Promouvoir le local content

La problématique n’est pas d’interdire l’exercice aux étrangers, précise maître Marcel Malengo, juriste. Il s’agit plutôt d’une discrimination positive qui existe d’ailleurs dans plusieurs pays, y compris aux États-Unis d’Amérique qui imposent à tous les constructeurs de véhicule, sous peine de sanction, d’utiliser plus de 80% des pièces d’origine américaine dans la construction d’un véhicule. La Chine applique cette politique d’une autre manière en exigeant plusieurs autorisations aux étrangers désireux d’investir sur son sol. C’est le local content ou contenu local. Celui-ci se décline en quatre axes : la formation et le renforcement des capacités nationales, la protection de la main d’œuvre locale et le transfert des compétences et des technologies, la protection des produits et services locaux et enfin le renforcement économique local, a-t-il poursuivi.

En ordre de bataille

L’erreur serait de s’engager dans cette bataille en ordre dispersé, a mis en garde Patrick Muyaya, député national. « Il ne faut pas attendre de nous d’être technicien dans des matières qui sont les vôtres. Lorsque vous remarquez qu’il faut des décisions politiques, que faites-vous, combien de fois avez-vous appelé les députés nationaux ? ». À cette question, l’administrateur délégué de la Fédération des entreprises du Congo, Jean Justin Bononge, est revenu sur la multitude de rencontres entre le monde des affaires et les institutions politiques autour de cette menace qui pèse sur les entrepreneurs locaux.
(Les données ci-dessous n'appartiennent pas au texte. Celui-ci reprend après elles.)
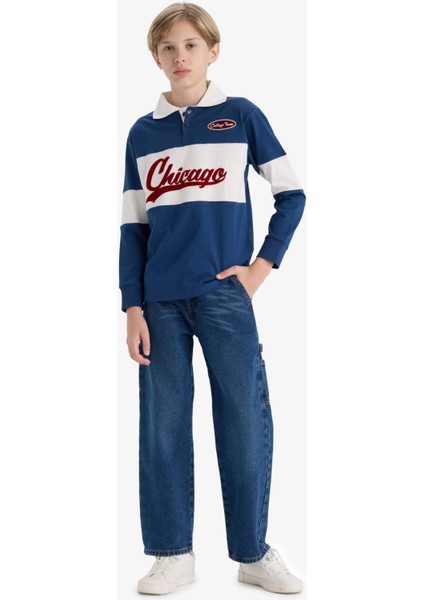 Erkek Çocuk Oversize Geniş Kalıp Polo Yaka Nakışlı Uzun Kollu Okul Tişörtü F2711A825AU modelleri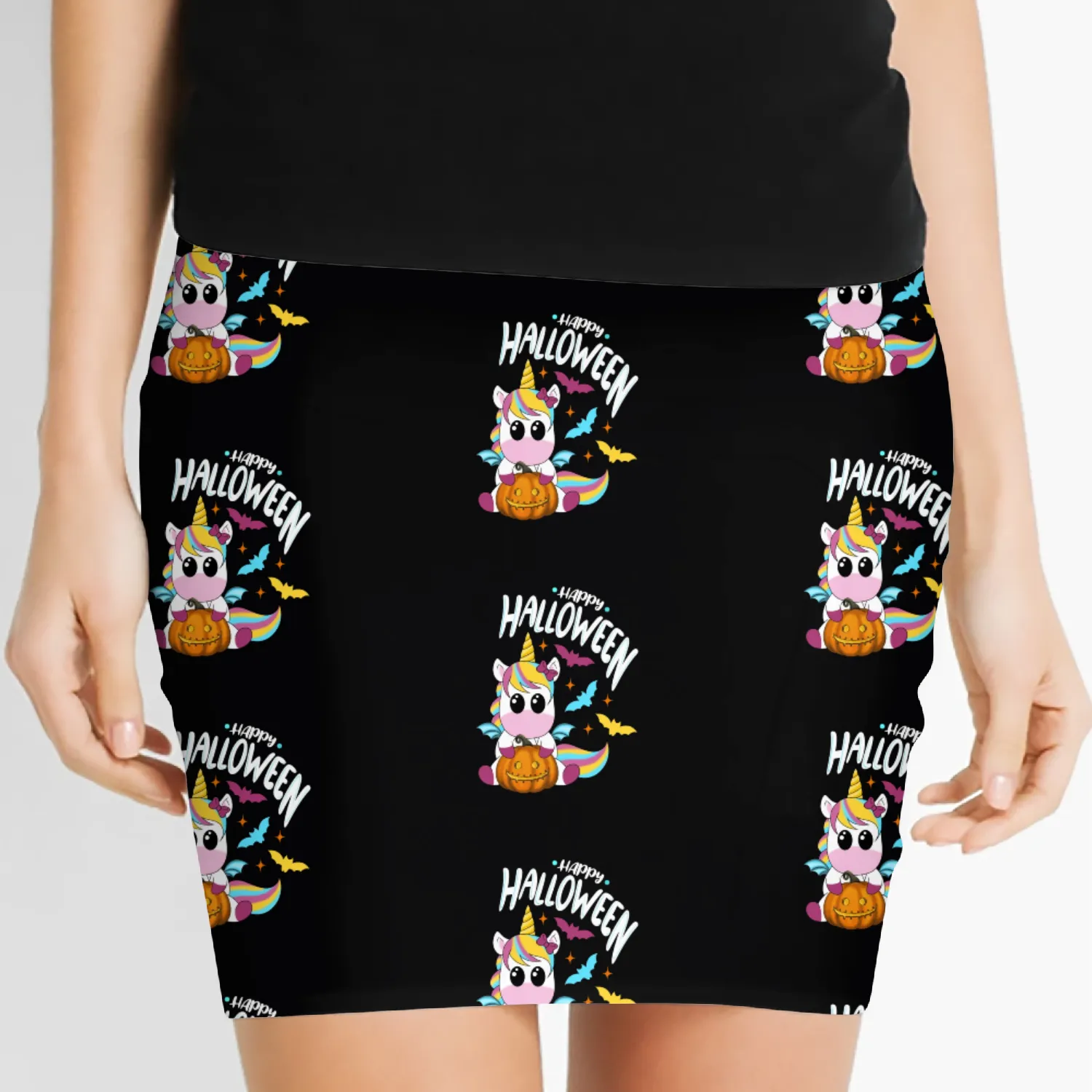 Bat Unicorn - Happy Halloween Women's Mini Skirts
Visiblement sans résultats à ce jour. Toutefois, des pistes encourageantes existent bel et bien. Il y a, par exemple, l’instauration par le gouvernement d’un certificat pour faciliter l’accès au crédit aux entrepreneurs locaux bien identifiés. Mais il faut davantage de mesures et d'initiatives locales bancables pour arriver à des résultats probants, à l'instar de l'Afrique du Sud qui a partagé avec les participants à ce forum son expérience d'émergence d'une classe des affaires parmi les plus défavorisée sous l'Apartheid. Les intervenants ont fait plusieurs recommandations mais nous y reviendrons.